In the US, meanwhile - at least according to Lee Smith - the coverage is minimal:
If the people who donned pink pussy hats to resist Donald Trump are one of the year’s big stories, surely people who are shot dead in the streets in Iran for resisting an actual murderous theocracy might also be deserving of a shout-out for their bravery.
Yet the [Washington] Post’s virtual news blackout on Iran was still more honorable than The New York Times, whose man in Tehran Thomas Erdbrink is a veteran regime mouthpiece whose official government tour guide-style dispatches recall the shameful low-point of Western media truckling to dictators: The systematic white-washing of Joseph Stalin’s monstrous crimes by Times Moscow correspondent Walter Duranty.
Here’s the opening of Erdbrink’s latest dispatch regarding the protests:
Protests over the Iranian government’s handling of the economy spread to several cities on Friday, including Tehran, in what appeared to be a sign of unrest.
“Appeared”? Protests are by definition signs of unrest.

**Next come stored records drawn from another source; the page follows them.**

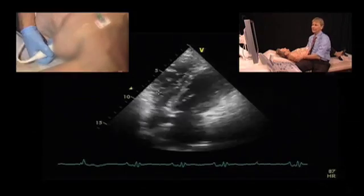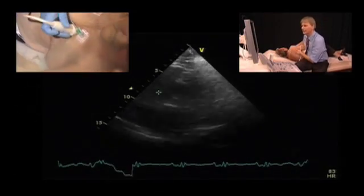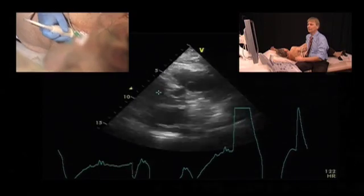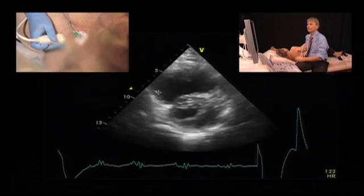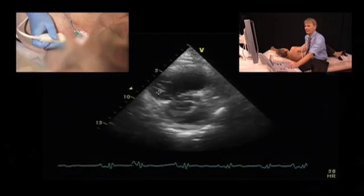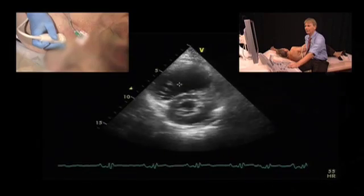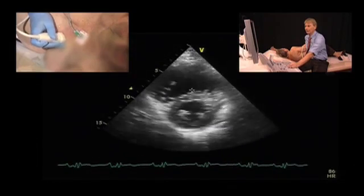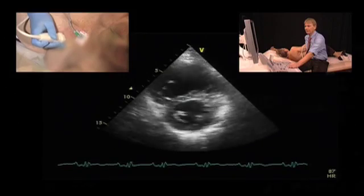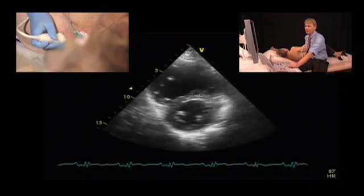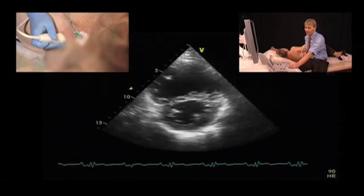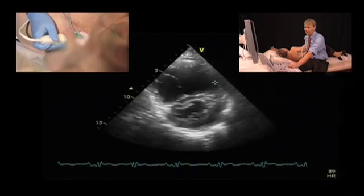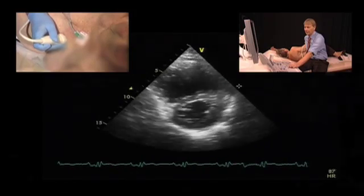Let's now also assess the parasternal short axis view. Again, we see a very small left ventricle, a large right ventricle, and right ventricle hypertrophy. Look at the position of the septum — the ventricle is not round, but there is flattening of the interventricular septum, which is most prominent in systole but also present in diastole.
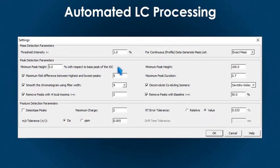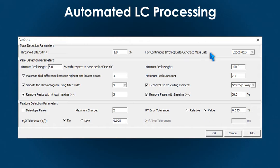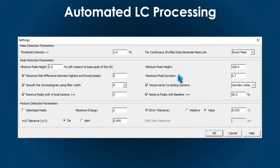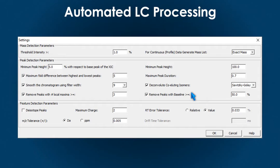For LC-MS-MS experiments, the MS-MS scans are automatically clustered to their corresponding peaks for confident lipid identification. You can perform LC peak corrections based on chromatographic peak parameters, smoothing, and filtering to improve peak shape and appearance.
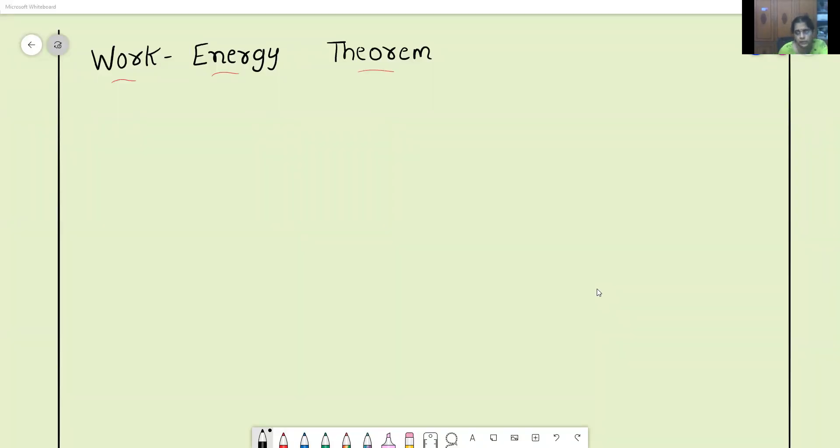Hello, today we will learn about the work-energy theorem. So, first let me explain work.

The fact that Erdbrink appears to have ripped off the Iran’s government news agency Fars official coverage of the protests is depressing enough—but the function that these dispatches serve is even worse. What Iranians are really upset about, the messaging goes, isn’t the daily grind of living in a repressive theocratic police state run by a criminal elite that robs them blind, but a normal human desire for better living standards. Hey, let’s encourage European industry to invest more money in Iran! Didn’t the US overthrow the elected leader of Iran 70 years ago? Hands off—and let’s put more money in the regime’s pocket, so they can send the protesters home in time for a hearty dinner, and build more ballistic missiles, of course. Erdbrink is pimping for the regime, and requesting the West to wire more money, fast.

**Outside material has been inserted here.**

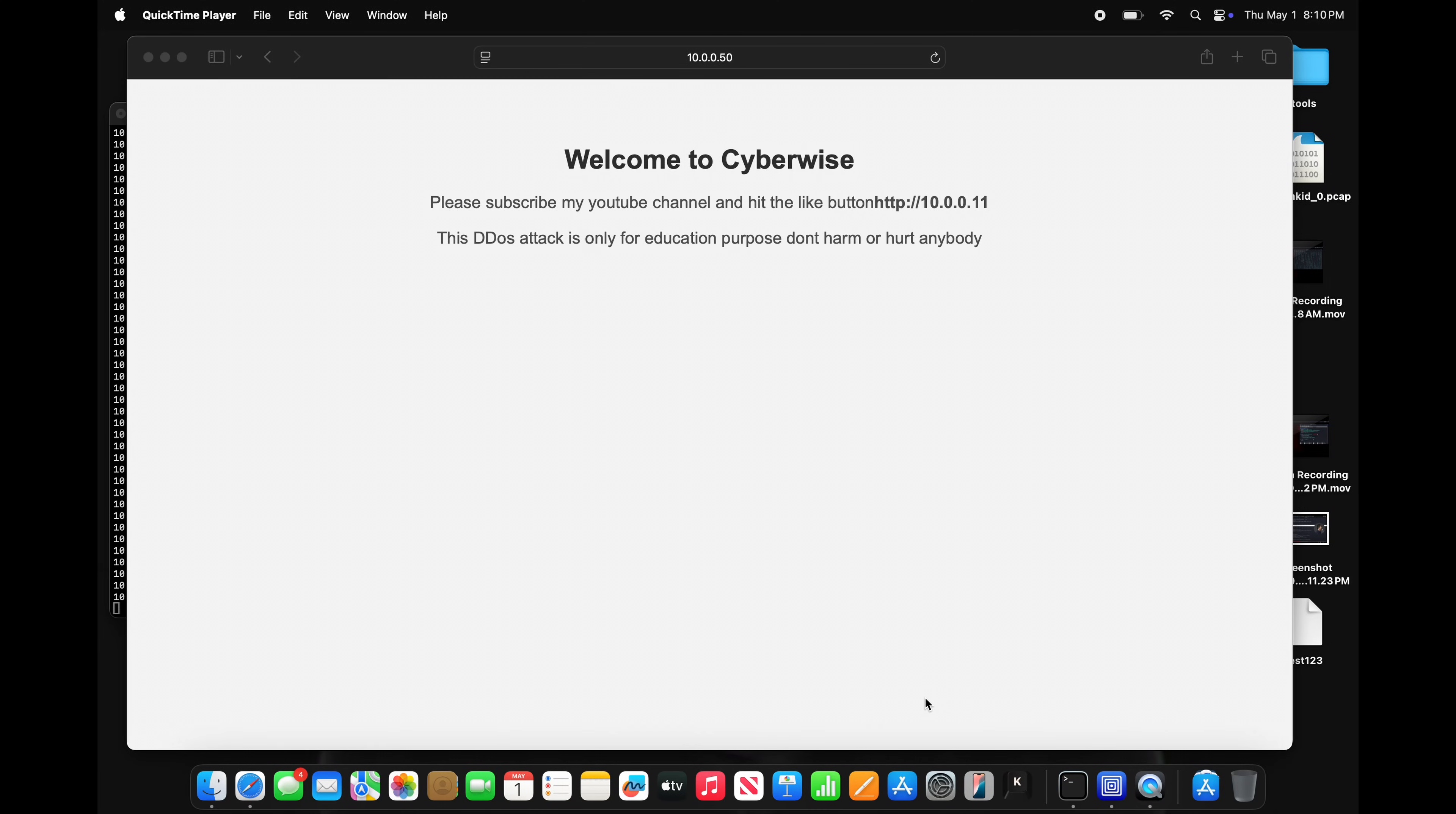Hello everyone, welcome to CyberWise. In this video, we're gonna learn DDoS attack on any server or website to shut down, and this basic example you can try with permission.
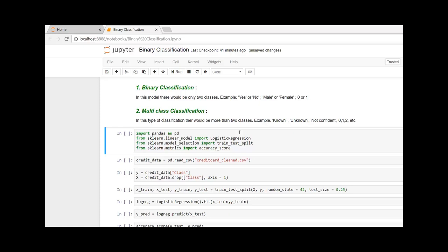From model_selection, I'll be importing train_test_split, which is required to split the data into test and train datasets. I'll be using about 25 percent for testing or validation and 75 percent to train.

Selling the protesters short is a mistake. For 38 years Iranian crowds have been gathered by regime minders to chant “Death to America, Death to Israel.” When their chant spontaneously changes to “Down with Hezbollah” and “Death to the Dictator” as it has now, something big is happening....
Update: as if to show that we here in the UK are just as capable of disgraceful reporting on Iran, see Simon Tisdall in the Guardian - Iran's enemies would be wise not to wish for regime change.